Problem to solve. Reproduce only what runs from the line containing "Гель для душа" to the line containing "Gefahrguteinsatz: Traktor-Anhänger in" in the records below, inclusive. Keep it exact, and keep the pictures out.

Data section.
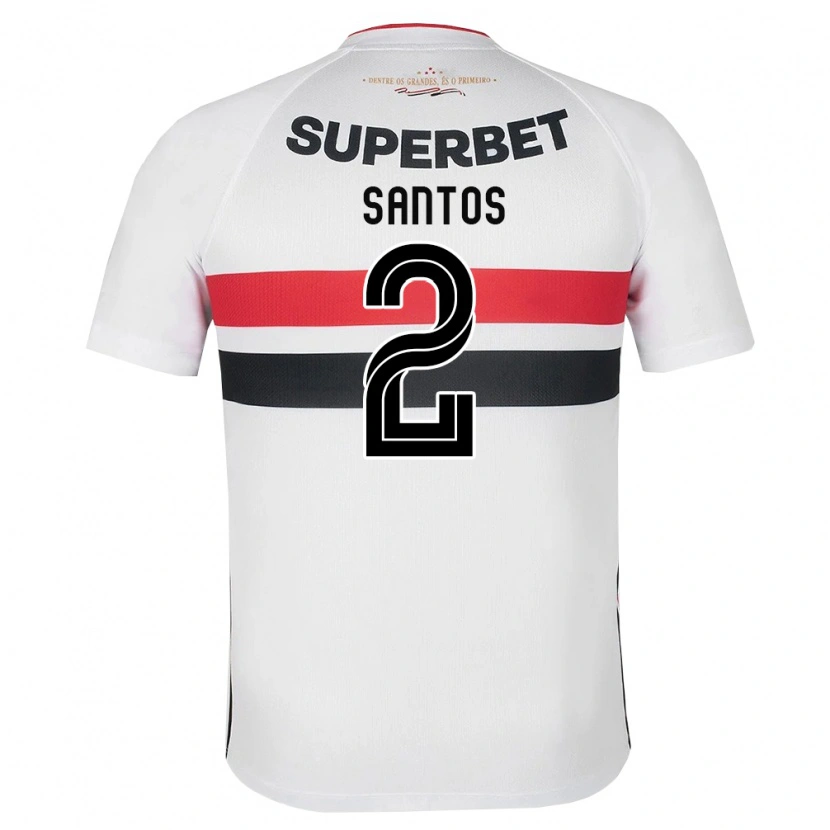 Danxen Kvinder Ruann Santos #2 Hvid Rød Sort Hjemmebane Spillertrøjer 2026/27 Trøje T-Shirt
==
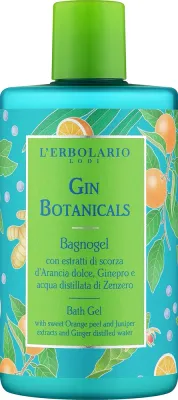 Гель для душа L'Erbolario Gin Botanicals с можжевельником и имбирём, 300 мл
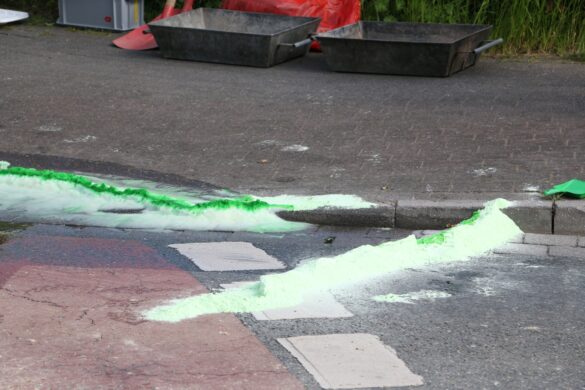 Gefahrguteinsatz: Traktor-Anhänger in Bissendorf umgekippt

Written reply.
 Гель для душа L'Erbolario Gin Botanicals с можжевельником и имбирём, 300 мл
 Gefahrguteinsatz: Traktor-Anhänger in Bissendorf umgekippt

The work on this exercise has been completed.